Dattatray Balwant Parasnis (27 November 1870 – 31 March 1926) was a historian from Maharashtra, India, who lived during the British Raj days.

Parasnis had been granted a lifelong pension of two hundred rupees a month by the Government of Bombay.

==Early life==
Parasnis was born on 27 November 1870 in a traditional middle-class Deshastha Brahmin family.

==Work==
Parasnis authored biographies of Bramhendra Swami, Rani's Laxmi Bai of Jhansi and Baija Bai of Gwalior and works on the Mahrattas and the Nawabs of Oudh.

Parasnis also published collections of letters in his two monthly magazines, the Bharatavarsha and the Ithihasa Sangraha, of which the first covered two years and the second seven years from August 1907.

In 1894, Parasnis published an authoritative biography of Maharani Jhansi Lakshmibai, Maharani Laxmibaisaheb Yanche Charitra.
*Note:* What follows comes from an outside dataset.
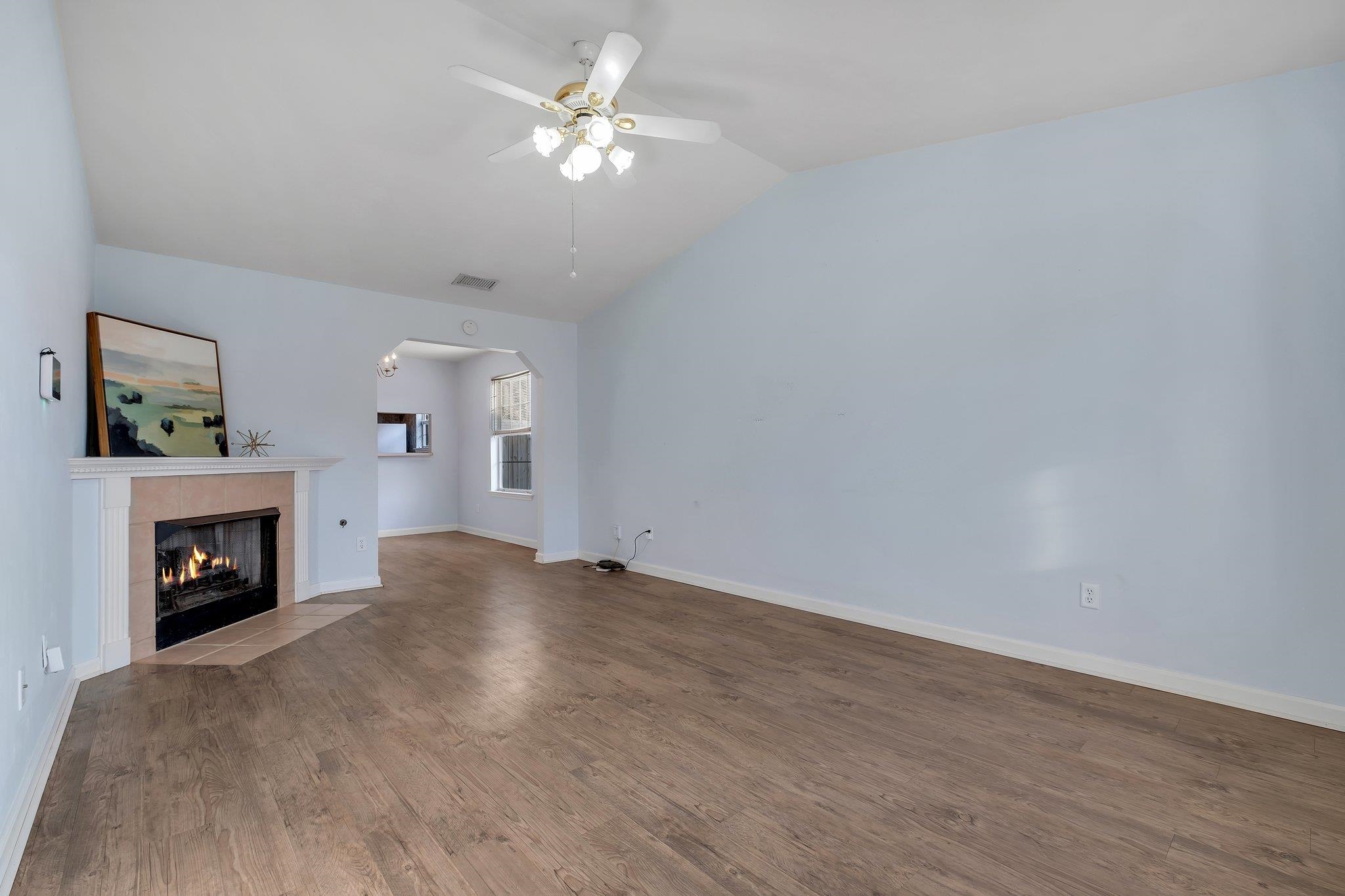 4172 Mission Trace Boulevard, Tallahassee, Florida image 6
His book was based on interviews with Dhanodar Rao, adopted son of Rani Lakshmibai, who was still alive then.

In 1918-1925, along with Charles Augustus Kincaid, he co-authored in three volumes, A History of the Maratha people.

His Poona in Bygone Times was published in 1921.

==Honours==
- In 1913, he was honoured with the title Rao Bahadur in recognition of his scholarship by the British Government.